(Input for this task begins)

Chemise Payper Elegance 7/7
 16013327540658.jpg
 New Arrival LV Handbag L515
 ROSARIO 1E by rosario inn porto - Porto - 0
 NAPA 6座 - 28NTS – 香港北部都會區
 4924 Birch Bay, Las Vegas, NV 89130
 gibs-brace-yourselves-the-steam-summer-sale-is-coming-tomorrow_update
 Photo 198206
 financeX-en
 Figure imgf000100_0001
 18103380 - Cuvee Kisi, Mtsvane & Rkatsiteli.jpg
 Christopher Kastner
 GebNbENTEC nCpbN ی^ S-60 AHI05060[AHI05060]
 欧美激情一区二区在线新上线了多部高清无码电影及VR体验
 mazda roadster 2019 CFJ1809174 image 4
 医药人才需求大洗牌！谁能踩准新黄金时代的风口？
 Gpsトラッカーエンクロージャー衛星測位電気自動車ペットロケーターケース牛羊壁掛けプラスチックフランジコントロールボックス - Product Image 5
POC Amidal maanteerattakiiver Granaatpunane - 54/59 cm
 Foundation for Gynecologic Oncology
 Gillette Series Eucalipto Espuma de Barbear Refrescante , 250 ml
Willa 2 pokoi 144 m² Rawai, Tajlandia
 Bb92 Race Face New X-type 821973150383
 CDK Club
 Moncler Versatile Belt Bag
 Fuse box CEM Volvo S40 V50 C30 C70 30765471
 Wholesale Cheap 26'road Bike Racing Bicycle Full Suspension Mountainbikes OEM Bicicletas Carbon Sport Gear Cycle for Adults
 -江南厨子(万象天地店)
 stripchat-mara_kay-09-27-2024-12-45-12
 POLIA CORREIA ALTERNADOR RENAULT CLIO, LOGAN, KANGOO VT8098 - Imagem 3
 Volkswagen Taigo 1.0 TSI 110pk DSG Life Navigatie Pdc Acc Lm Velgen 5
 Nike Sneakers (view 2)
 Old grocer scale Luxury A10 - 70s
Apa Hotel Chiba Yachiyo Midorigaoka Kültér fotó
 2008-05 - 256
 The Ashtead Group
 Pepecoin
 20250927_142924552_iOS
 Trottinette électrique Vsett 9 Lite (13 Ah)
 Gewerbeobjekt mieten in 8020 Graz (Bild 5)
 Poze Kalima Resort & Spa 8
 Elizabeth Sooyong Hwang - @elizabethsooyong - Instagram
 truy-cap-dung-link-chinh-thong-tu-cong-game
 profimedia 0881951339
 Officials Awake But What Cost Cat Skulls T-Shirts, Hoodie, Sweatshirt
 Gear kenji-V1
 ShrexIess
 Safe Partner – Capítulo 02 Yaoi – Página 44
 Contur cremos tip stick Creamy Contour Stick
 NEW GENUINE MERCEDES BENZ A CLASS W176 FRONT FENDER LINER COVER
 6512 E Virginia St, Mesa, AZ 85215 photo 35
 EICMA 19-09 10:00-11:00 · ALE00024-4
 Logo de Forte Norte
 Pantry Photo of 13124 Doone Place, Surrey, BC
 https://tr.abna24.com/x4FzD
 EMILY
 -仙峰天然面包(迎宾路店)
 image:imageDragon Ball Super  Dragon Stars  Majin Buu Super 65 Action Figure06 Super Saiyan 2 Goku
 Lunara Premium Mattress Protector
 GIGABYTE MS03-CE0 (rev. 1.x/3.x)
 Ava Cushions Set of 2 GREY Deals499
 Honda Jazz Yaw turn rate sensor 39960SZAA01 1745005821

(Input for this task ends)

Every record must be returned exactly.

Chemise Payper Elegance 7/7
 16013327540658.jpg
 New Arrival LV Handbag L515
 ROSARIO 1E by rosario inn porto - Porto - 0
 NAPA 6座 - 28NTS – 香港北部都會區
 4924 Birch Bay, Las Vegas, NV 89130
 gibs-brace-yourselves-the-steam-summer-sale-is-coming-tomorrow_update
 Photo 198206
 financeX-en
 Figure imgf000100_0001
 18103380 - Cuvee Kisi, Mtsvane & Rkatsiteli.jpg
 Christopher Kastner
 GebNbENTEC nCpbN ی^ S-60 AHI05060[AHI05060]
 欧美激情一区二区在线新上线了多部高清无码电影及VR体验
 mazda roadster 2019 CFJ1809174 image 4
 医药人才需求大洗牌！谁能踩准新黄金时代的风口？
 Gpsトラッカーエンクロージャー衛星測位電気自動車ペットロケーターケース牛羊壁掛けプラスチックフランジコントロールボックス - Product Image 5
POC Amidal maanteerattakiiver Granaatpunane - 54/59 cm
 Foundation for Gynecologic Oncology
 Gillette Series Eucalipto Espuma de Barbear Refrescante , 250 ml
Willa 2 pokoi 144 m² Rawai, Tajlandia
 Bb92 Race Face New X-type 821973150383
 CDK Club
 Moncler Versatile Belt Bag
 Fuse box CEM Volvo S40 V50 C30 C70 30765471
 Wholesale Cheap 26'road Bike Racing Bicycle Full Suspension Mountainbikes OEM Bicicletas Carbon Sport Gear Cycle for Adults
 -江南厨子(万象天地店)
 stripchat-mara_kay-09-27-2024-12-45-12
 POLIA CORREIA ALTERNADOR RENAULT CLIO, LOGAN, KANGOO VT8098 - Imagem 3
 Volkswagen Taigo 1.0 TSI 110pk DSG Life Navigatie Pdc Acc Lm Velgen 5
 Nike Sneakers (view 2)
 Old grocer scale Luxury A10 - 70s
Apa Hotel Chiba Yachiyo Midorigaoka Kültér fotó
 2008-05 - 256
 The Ashtead Group
 Pepecoin
 20250927_142924552_iOS
 Trottinette électrique Vsett 9 Lite (13 Ah)
 Gewerbeobjekt mieten in 8020 Graz (Bild 5)
 Poze Kalima Resort & Spa 8
 Elizabeth Sooyong Hwang - @elizabethsooyong - Instagram
 truy-cap-dung-link-chinh-thong-tu-cong-game
 profimedia 0881951339
 Officials Awake But What Cost Cat Skulls T-Shirts, Hoodie, Sweatshirt
 Gear kenji-V1
 ShrexIess
 Safe Partner – Capítulo 02 Yaoi – Página 44
 Contur cremos tip stick Creamy Contour Stick
 NEW GENUINE MERCEDES BENZ A CLASS W176 FRONT FENDER LINER COVER
 6512 E Virginia St, Mesa, AZ 85215 photo 35
 EICMA 19-09 10:00-11:00 · ALE00024-4
 Logo de Forte Norte
 Pantry Photo of 13124 Doone Place, Surrey, BC
 https://tr.abna24.com/x4FzD
 EMILY
 -仙峰天然面包(迎宾路店)
 image:imageDragon Ball Super  Dragon Stars  Majin Buu Super 65 Action Figure06 Super Saiyan 2 Goku
 Lunara Premium Mattress Protector
 GIGABYTE MS03-CE0 (rev. 1.x/3.x)
 Ava Cushions Set of 2 GREY Deals499
 Honda Jazz Yaw turn rate sensor 39960SZAA01 1745005821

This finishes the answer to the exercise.